A nominee for this year's Eutelsat TV Award recognizing quality satellite television channels in the “Culture and Documentaries” category, Sovershenno Sekretno TV specializes in documentaries, talk shows and interviews on burning issues related to political, cultural and economic life in present day Russia and throughout the country's history. It is part of the independent Russian media company of the same name founded by prominent investigative journalist Artyom Borovik, who died in 2000 in an air crash under mysterious and as-yet-unexplained circumstances. The company is now run by Borovik's widow, Veronika Borovik-Khilchevskaya.
Sovershenno Sekretno TV is broadcast in Russia via cable networks owned by state-owned telecommunication provider Rostelecom, which is close to the Kremlin and which has been mentioned in the Russian media more than once in connection with a series of corruption scandals.
The present contract between the two is scheduled to end at the close of 2014, but Rostelecom in August sent a letter to the channel's management indicating that the contract would be terminated as of March 2013. Borovik-Khilchevskaya at a press conference on Tuesday in Moscow pointed to what she termed a “strange reluctance” by Rostelecom management to negotiate a new contract.
According to Eteri Leviyeva, Sovershenno Sekretno TV's general producer, high-ranking Rostelecom representatives told her privately that “big shots” in the administration of President Vladimir Putin were behind the decision. She recounted past instances in which she received phone calls from individuals at the Attorney General's office or close to the Kremlin who expressed anger at the channel's programming.
Leviyeva said that “big shots” were unhappy about coverage of conflict between Russia and Georgia, and about protests that preceded and followed elections in Russia. In 2011, Svetlana Bakhmina, a former legal executive with the now-defunct Russian oil company Yukos who was sent to prison for alleged tax fraud and embezzlement at the company, was a guest on the channel's show “The Right to Freedom” in her first television appearance following her 2009 release from prison.

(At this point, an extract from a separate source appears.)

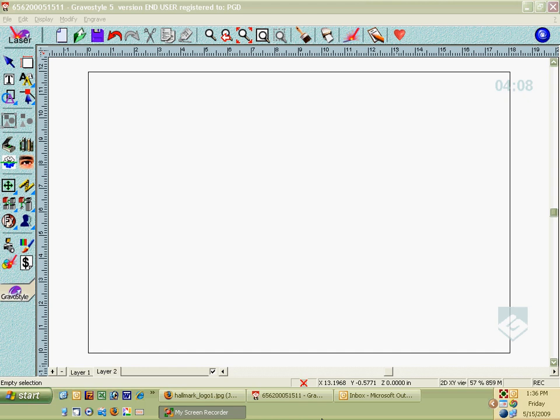Okay, we're going to review how to import a logo or an image to engrave with your laser. The first thing you're going to do is open up a file.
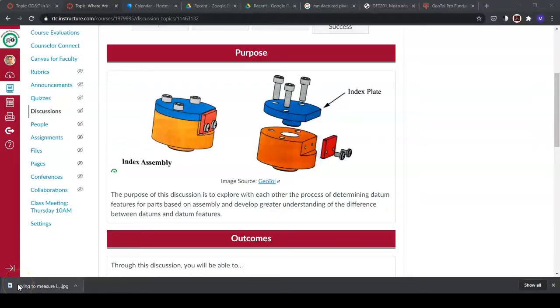If the datum feature is cylindrical, the datum is an axis. If the datum feature is planar, the datum is a plane. So: cylindrical surface datum feature → datum is an axis; planar surface datum feature → datum is a plane.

Leonid Velekhov, one of the channel's most popular hosts, whose shows have reportedly come under “special attention” by the channel's high-level critics, pointed out that Sovershenno Sekretno TV's mission was to reach out to its audience rather than represent the political opposition. Noting that guests of his show “Political Cuisine” included some of the brightest Russian intellectuals, historians, writers and politicians of different views, he said the channel's closure would not only deprive open-minded and respected personalities of the possibility to express their views and ideas before a large audience, but also deny the channel's 15 million viewers the chance to hear and learn about those guests' ideas.

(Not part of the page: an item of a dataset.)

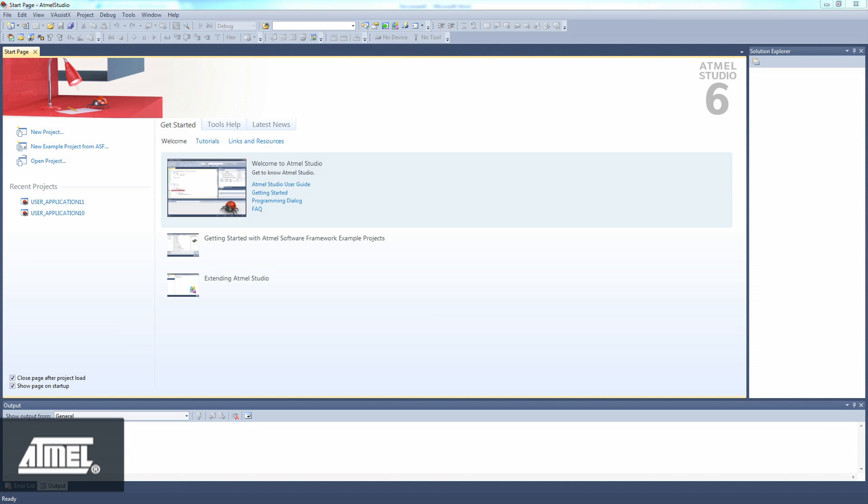Let's open a user application template for the Xmega A3BU explained. In order to use the ASF wizard to add drivers, components, or services to your project, you need to start with a user application template.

Top representatives of Rostelecom were reluctant to comment on the situation, but when pressed by local journalists they reportedly attributed the decision to “household difficulties” of their corporation “restructuring its economy”, saying the decision was not personal but “just business”.
Galina Sidorova, chair of the Executive Board of the International Press Institute (IPI), and a former editor-in-chief of the monthly Sovershenno Sekretno magazine, commented: “The potential closure of this independent, highly-professional and popular Russian TV channel, which was recently nominated for the Eutelsat TV 2012 award, reflects the desire of the Putin regime to eliminate from society not only public discussion, but even thinking. The Kremlin seems to be introducing a new fashion in dealing with the free media – to rule indirectly using 'economic reasons' and 'toy' business companies. The 'new rule' seems to perfectly suit the present administration – which stays, as it were, uninvolved in silencing independent voices – and its corrupted “toy businesses”, which do this unpleasant job and thus buy the right to steal in exchange for their loyalty. It definitely doesn't serve the interests of society”.